When is a bornology on a uniformizable space induced by a uniformity?

Let $$X$$ be a metrizable topological space, and let $$B$$ be a nontrivial bornology on $$X$$. Sze-Tsen Hu showed in 1949 that $$B$$ is the collection of bounded sets with respect to some metric for the topology on $$X$$ if and only if $$B$$ has a countable base and for any $$S\in B$$, there exists a $$T\in B$$ such that the closure of $$S$$ is a subset of the interior of $$T$$. (See this journal paper.)

I’m interested in the analogous result for uniformities. That is, $$X$$ be a uniformizable topological space, AKA a completely regular space, and let $$B$$ be a nontrivial bornology on $$X$$. My question is, under what circumstances is $$B$$ the collection of bounded sets with respect to some uniformity for the topology on $$X$$.

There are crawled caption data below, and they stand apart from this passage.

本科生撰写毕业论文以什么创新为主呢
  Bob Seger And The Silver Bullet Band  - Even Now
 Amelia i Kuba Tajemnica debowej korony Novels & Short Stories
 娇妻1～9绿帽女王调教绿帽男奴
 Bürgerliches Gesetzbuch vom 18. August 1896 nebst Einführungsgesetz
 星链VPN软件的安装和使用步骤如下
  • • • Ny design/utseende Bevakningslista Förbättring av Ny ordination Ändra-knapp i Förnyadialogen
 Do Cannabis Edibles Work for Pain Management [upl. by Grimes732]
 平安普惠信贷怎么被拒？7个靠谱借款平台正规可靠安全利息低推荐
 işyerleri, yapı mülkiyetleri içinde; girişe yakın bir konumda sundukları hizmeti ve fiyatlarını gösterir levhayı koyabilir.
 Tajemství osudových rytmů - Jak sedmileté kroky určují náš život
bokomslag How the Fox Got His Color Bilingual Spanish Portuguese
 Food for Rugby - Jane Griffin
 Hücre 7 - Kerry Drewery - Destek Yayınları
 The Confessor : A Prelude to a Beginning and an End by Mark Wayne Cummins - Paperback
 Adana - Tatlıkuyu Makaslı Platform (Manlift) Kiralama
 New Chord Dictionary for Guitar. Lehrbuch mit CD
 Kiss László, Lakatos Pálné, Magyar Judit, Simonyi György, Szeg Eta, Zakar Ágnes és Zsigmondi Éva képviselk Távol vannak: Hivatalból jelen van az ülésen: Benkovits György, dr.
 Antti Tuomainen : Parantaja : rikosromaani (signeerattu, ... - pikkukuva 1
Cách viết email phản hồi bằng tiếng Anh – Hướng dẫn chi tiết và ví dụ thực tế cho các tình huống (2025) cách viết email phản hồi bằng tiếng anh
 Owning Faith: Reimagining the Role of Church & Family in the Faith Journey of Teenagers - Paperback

Note that a subset $$A$$ of a uniform space is said to be bounded if for each entourage $$V$$, $$A$$ is a subset of $$V^n[F]$$ for some natural number $$n$$ and some finite set $$F$$.

1 Answer

It looks like this problem was solved by Tom Vroegrijk in this 2009 journal paper, 60 years after the analogous problem for metric spaces was solved.

Let $$X$$ be a uniformizable topological space, AKA a completely regular space, and let $$B$$ be a nontrivial bornology on $$X$$. Let's call a sequence $$(U_n)$$ of open sets a bounding sequence if the closure of $$U_n$$ is a subset of $$U_{n+1}$$ for all $$n$$ and every element of $$B$$ is a subset of some $$U_n$$. And let's call a set $$S$$ saturated if $$S$$ if for every bounding sequence $$(U_n)$$, $$S$$ is a subset of some $$U_n$$. Then $$B$$ is the collection of bounded sets with respect to some uniformity for the topology on $$X$$ if and only if $$B$$ contains every saturated set.